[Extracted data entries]
((
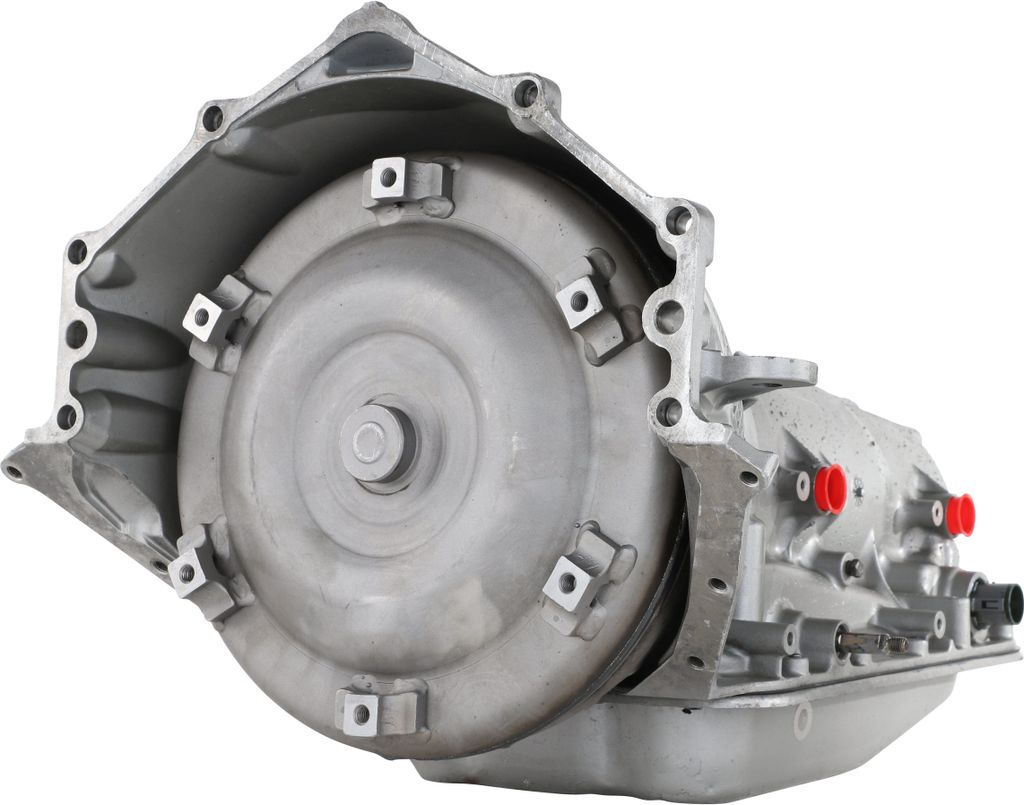 1997 Chevrolet P30 Transmission r-t-s_166133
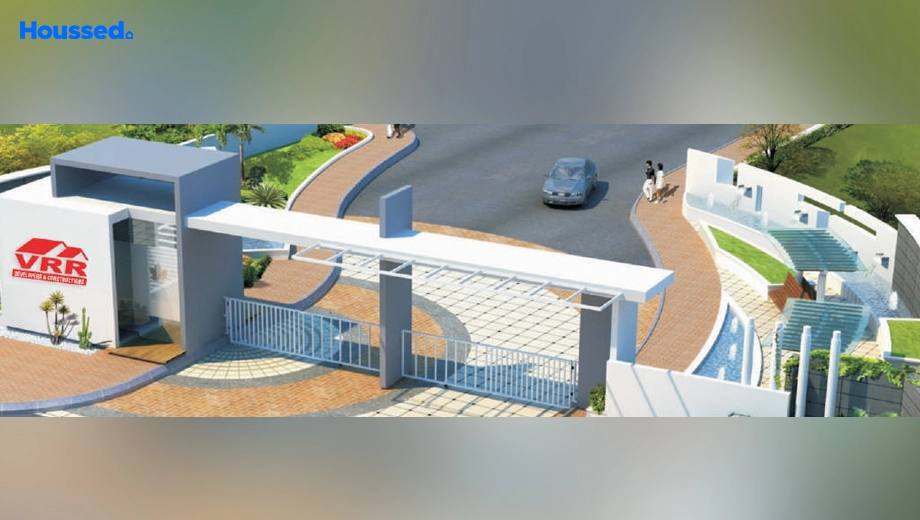 Project Image of VRR Enclave in Secunderabad, Hyderabad - Image 335352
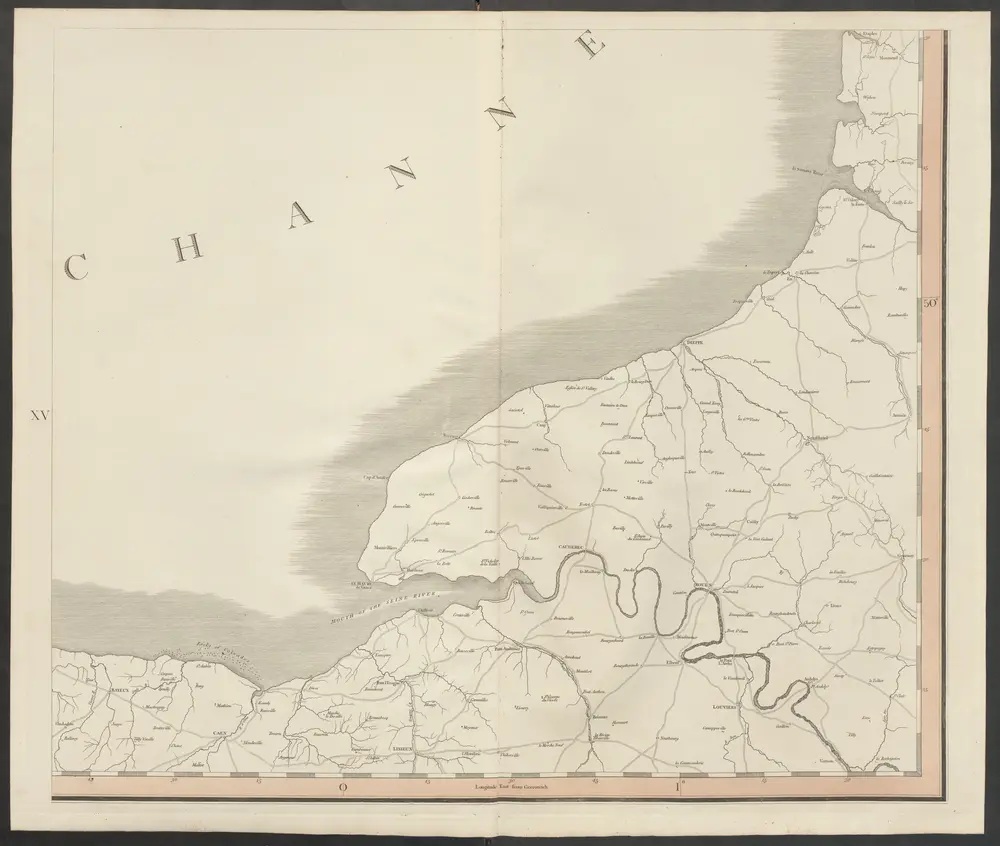 Pré-visualização do mapa antigo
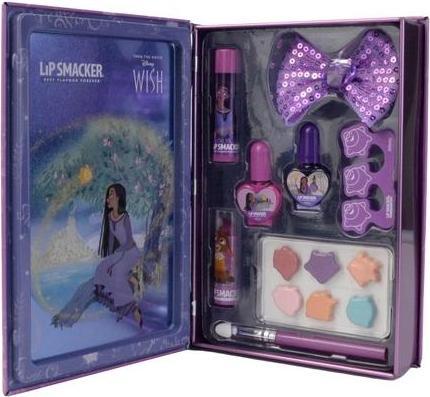 Actual product image Lip Smacker Disney Wish Lip Balm (Lip balm)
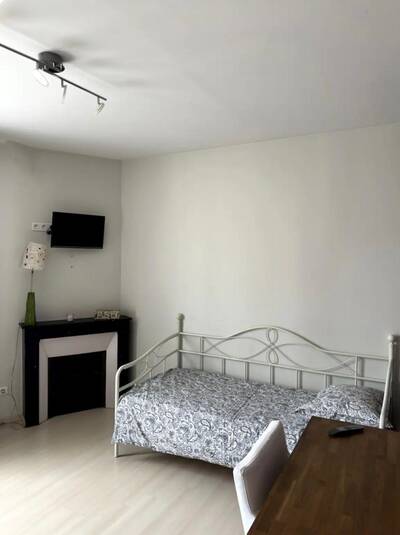 Location chambre en colocation 4 pièces Le Plessis-Bouchard (95130)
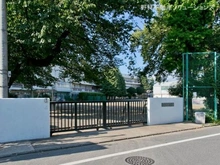 【東京都/東久留米市本町】東久留米市本町4丁目 土地 周辺施設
))
EXERCISE DESCRIPTION>
Transcribe every line from the one with "Pré-visualização do mapa antigo" to the last line of the records above, exactly, excluding pictures.

SOLUTION TO THIS TASK>
 Pré-visualização do mapa antigo
 Actual product image Lip Smacker Disney Wish Lip Balm (Lip balm)
 Location chambre en colocation 4 pièces Le Plessis-Bouchard (95130)
 【東京都/東久留米市本町】東久留米市本町4丁目 土地 周辺施設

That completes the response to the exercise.